Benjamin Stora: "L'immigration ne doit pas être une histoire à part"


27/01/2015

Historien et président du musée de l'histoire de l'immigration, benjamin Stora est longuement revenu sur l'enseignement de l'histoire à l'école et a proposé des pistes pour aider à "recréer du lien républicain". 

Comment faire pour que l'histoire ne se répète pas?

En ce jour du 70e anniversaire de la libération du camp d'Auschwitz-Birkenau, l'historien Benjamin Stora a défendu le devoir de mémoire. "C'est un événement terrible et abominable. Et unique dans l'humanité, l'extermination d'une population en raison de son appartenance religieuse", a-t-il rappelé, refusant de laisser la Shoah être "banalisée".

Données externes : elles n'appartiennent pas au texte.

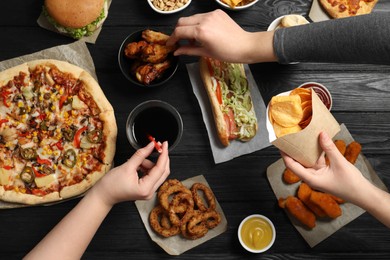 Photo of Friends eating pizza, chicken wings and other fast food at black wooden table, top view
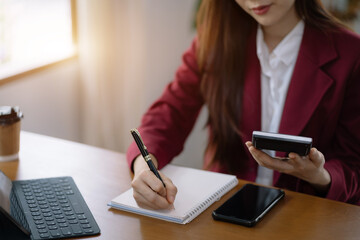 Business woman take notes and use the calculator with calculations about the expenses at the office.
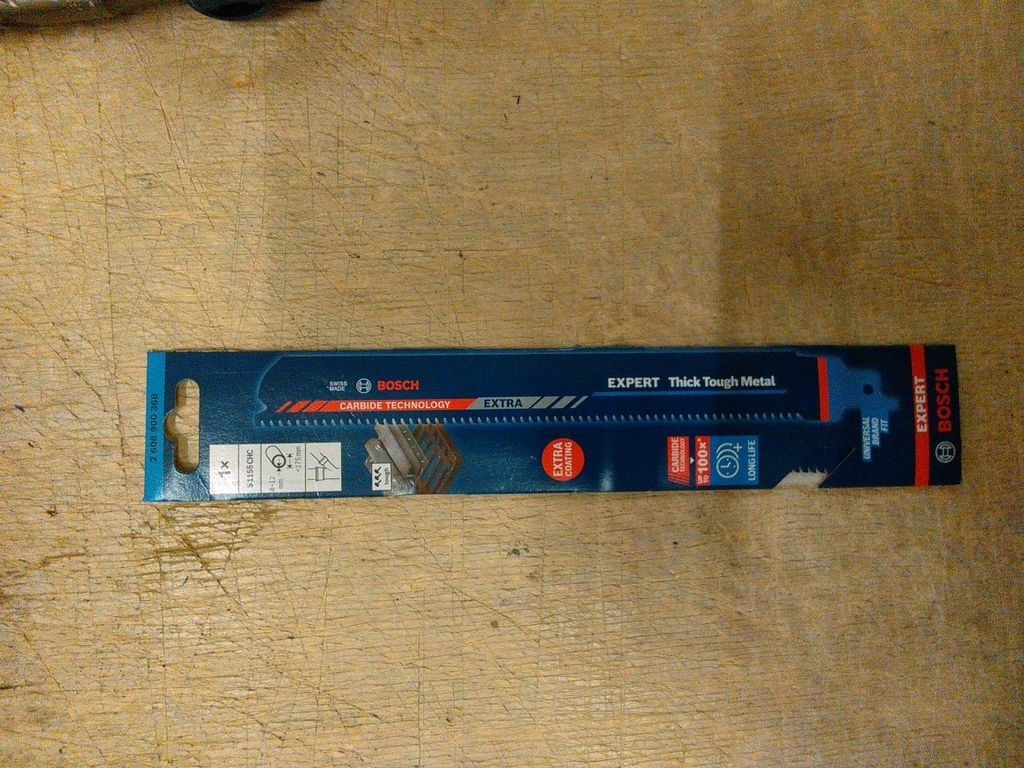 A Bosch EXPERT saw blade in its packaging, lying on a wooden surface.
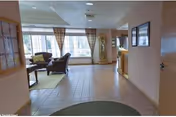 Interior view of a senior living facility common area with tiled floors, a seating area with armchairs and a coffee table near large windows with curtains, a grandfather clock, and framed pictures on the walls.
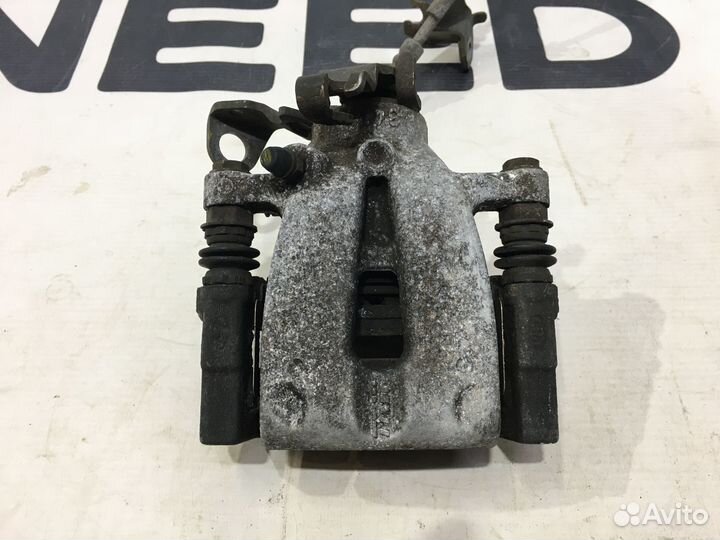 Суппорт тормозной задний левый Kia Venga 2009-2019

Pourtant, l'enseignement de la Shoah à l'école est parfois difficile et mal compris par certains jeunes. La faute à un manque de pédagogie, selon Benjamin Stora. "Il faut faire en sorte que cet événement à caractère universel puisse être partagé par tous y compris par des jeunes, a-t-il souligné, proposant de repenser l'enseignement de l'histoire à l'école.

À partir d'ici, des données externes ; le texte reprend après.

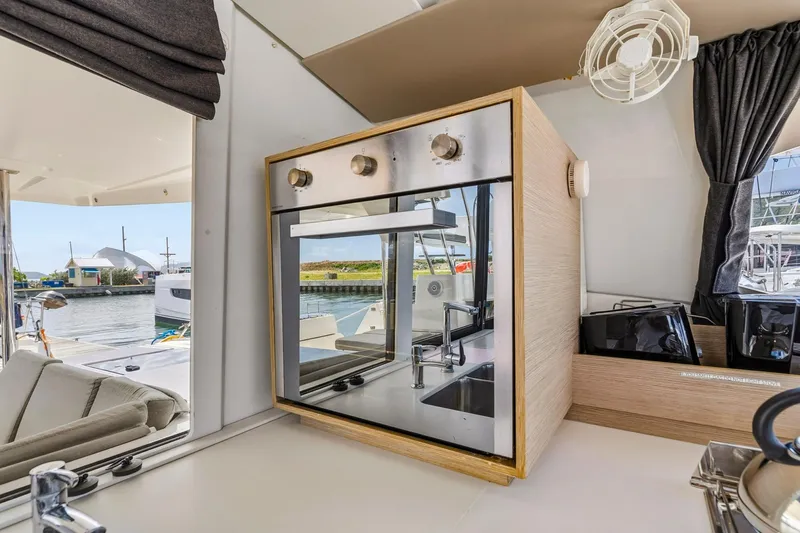 Nauti Mollie Yacht Photos Pics Modern kitchen interior of 2020 Fountaine Pajot Astrea 42 Catamaran with oven and sink.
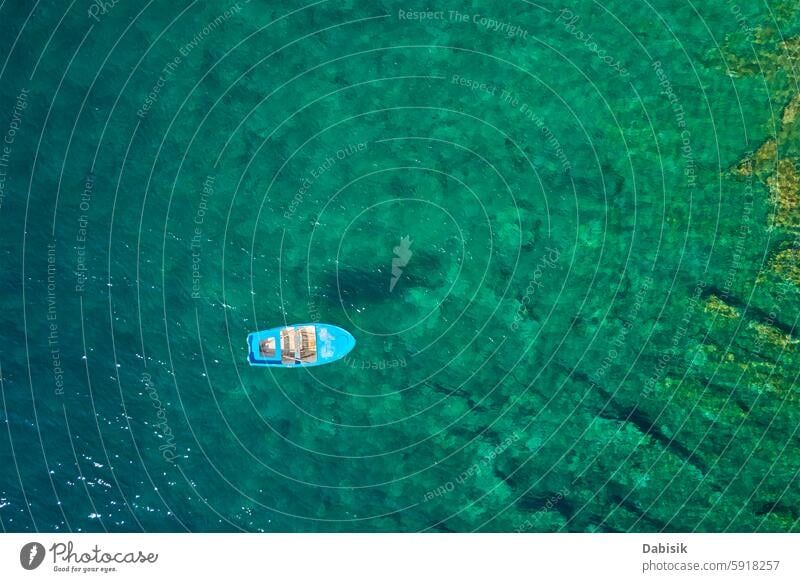 Small fishing boat is floating on calm turquoise water surface on summer day sea ocean blue travel vacation tourism top view aerial drone background coastline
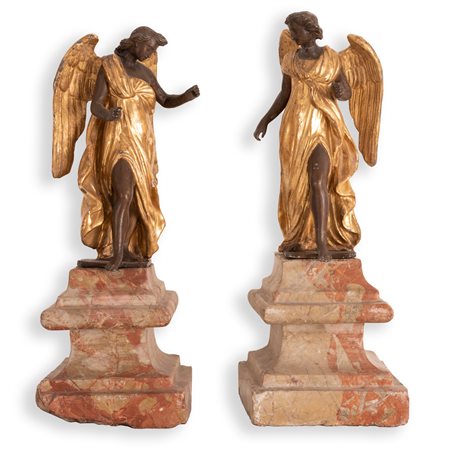 Manifattura Romana del XVIII secolo   Coppia di sculture in metallo brunito e dorato raffiguranti angeli su antiche basi in marmo 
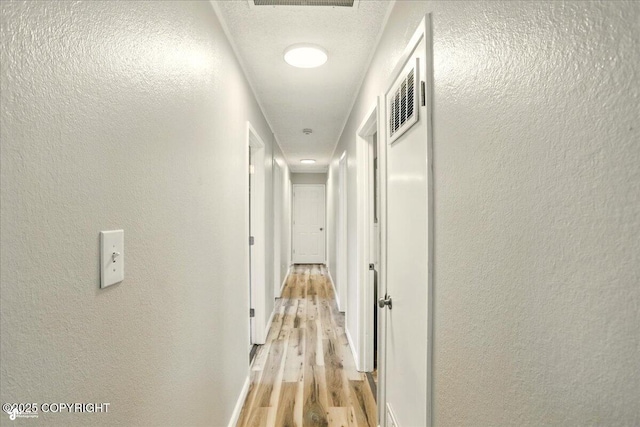 3624 E 16th Ave, Anchorage, AK 99508 - corridor with light wood-style flooring and a textured wall
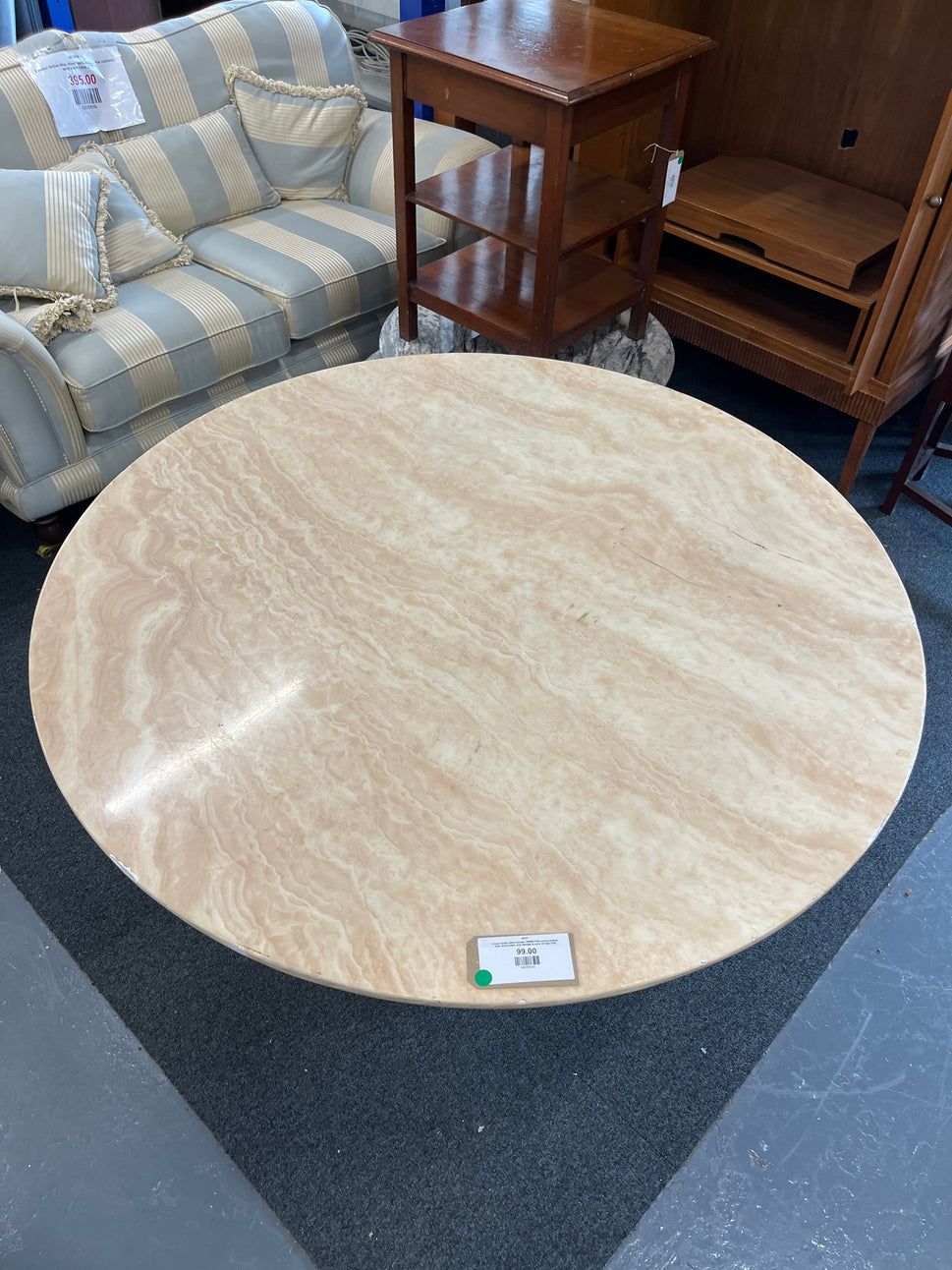 Cream marble effect circular 1300Wx760H central podium base dining table, note damage to parts of edge 2225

Repenser l'enseignement de l'histoire

"Le problème est de faire coïncider l'ensemble des génocides avec ce génocide européen, qui fait partie de l'histoire européenne", souhaite Benjamin Stora. Concrètement, l'historien plaide pour une meilleure intégration des histoires "autres" que la seule histoire européen, pour nourrir la réflexion sur l'humanité et le problème posée par les génocides. "C'est toute la difficulté: enrichir le récit de cette histoire européenne sans oublier les histoires d'Afrique, d'Asie et du Moyen-Orient."

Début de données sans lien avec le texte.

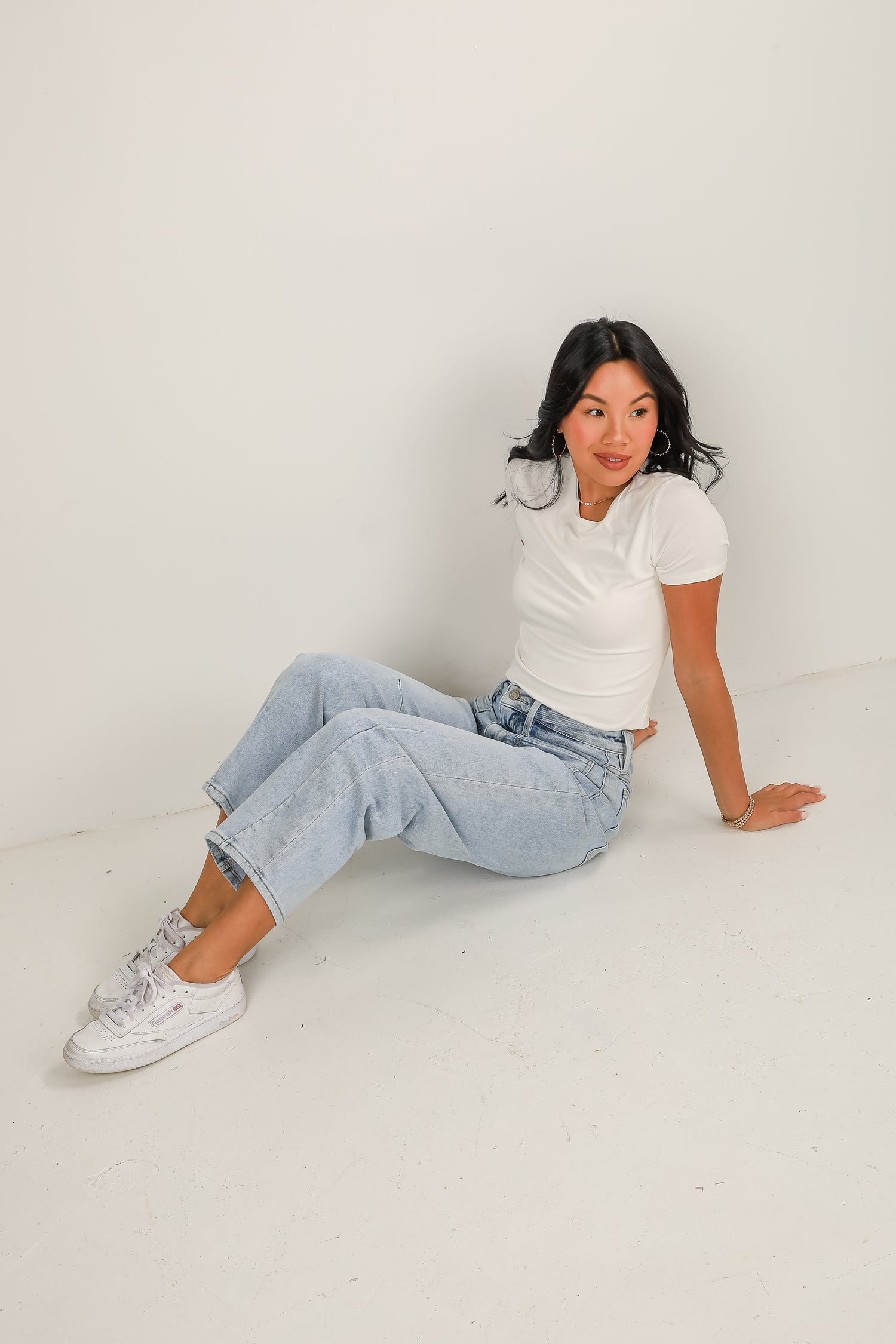 Woman sitting on a white floor wearing a white t-shirt, light blue jeans, and white sneakers.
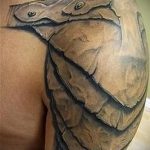 тату на плече мужские кожаные доспехи фото - пример готовой татуировки от 16052016 4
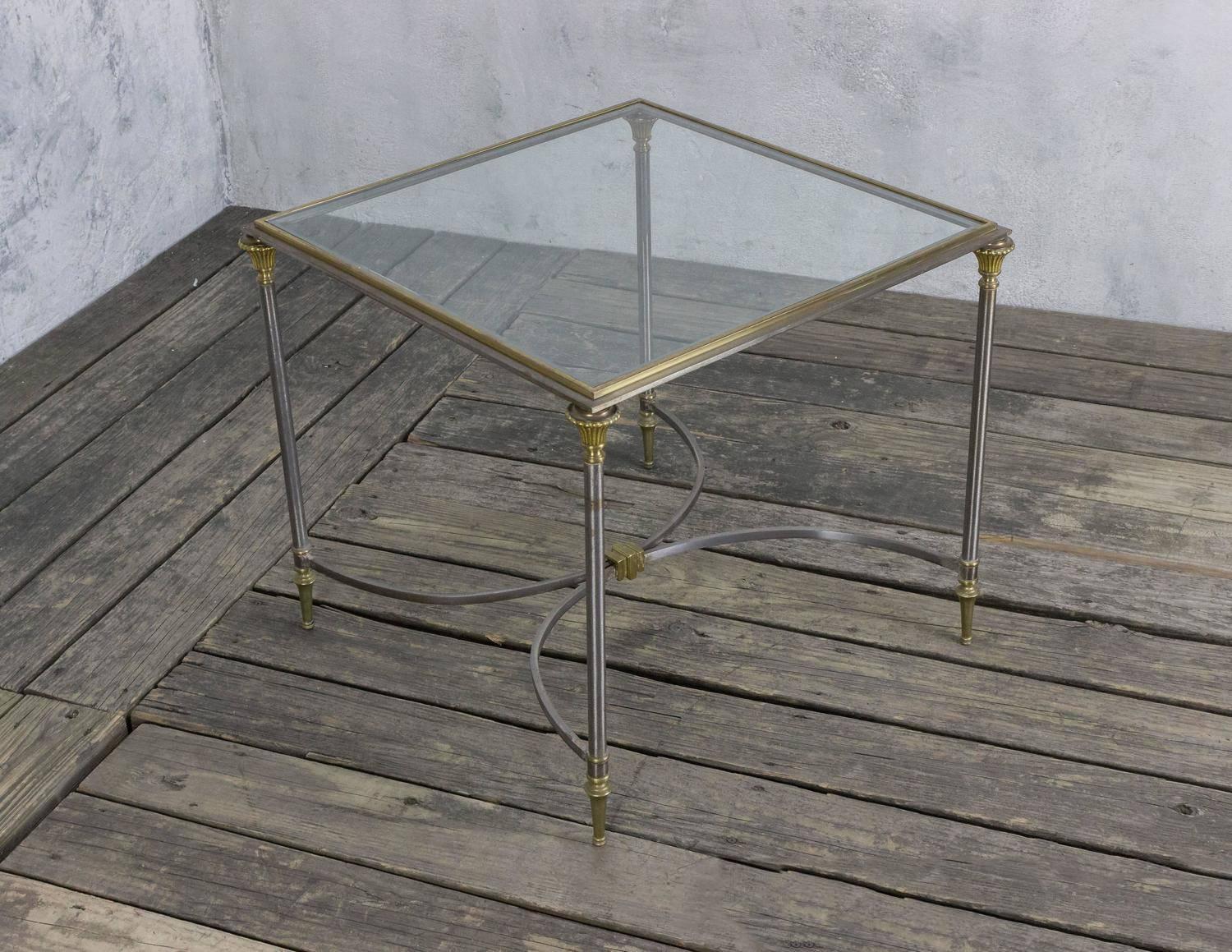 Polished steel coffee table with brass highlights with inset glass top and center stretcher, French 1960s, Maison Jansen.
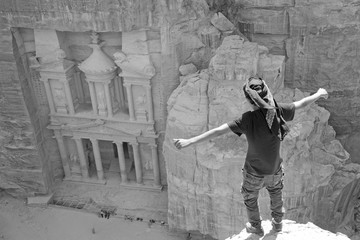 Al Khazneh in the ancient city of Petra, Jordan during the day. It is known as The Treasury. Petra has led to its designation as a UNESCO World Heritage Site. Seven wonder of world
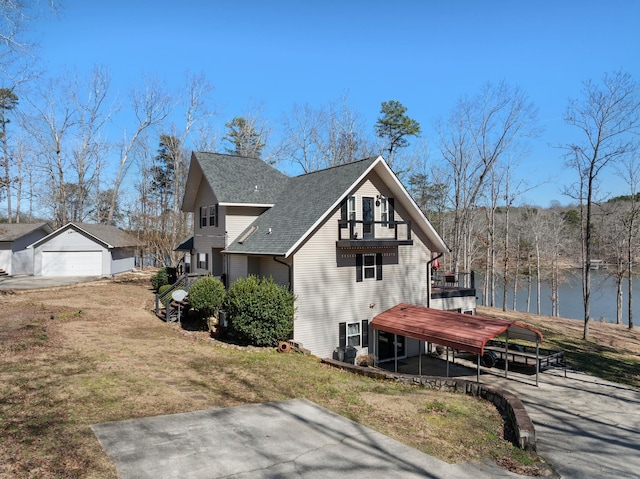 view of side of home featuring an outbuilding, roof with shingles, a yard, and a balcony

Pour cela, "il faut partir des histoires particulières", prône Benjamin Stora. "Il ne faut pas enlever et éradiquer une histoire par une autre. Il faut réarmer les enseignants, élargir leur champs. Il faut enseigner nos histoires, il faut connaître l'histoire de l'Afrique du Nord, de l'esclavage... L'immigration ne doit pas être une histoire à part", poursuit-il.

 

Se réapproprier les prisons par le savoir

Mais l'histoire et, plus largement, l'enseignement, ne doit pas se cantonner aux murs des écoles et des universités. "Des publics non scolarisés, les parents par exemple, viennent aux conférences qui parlent de l'histoire de l'immigration ou de leur pays d'origine", affirme l'historien qui défend une nouvelle approche de l'histoire, non pas comme un socle commun des connaissances mais du savoir vivre ensemble. "Il faut faire en sorte que l'histoire de France soit enseignée dans de nouveaux lieux de savoir", plaide encore Benjamin Stora.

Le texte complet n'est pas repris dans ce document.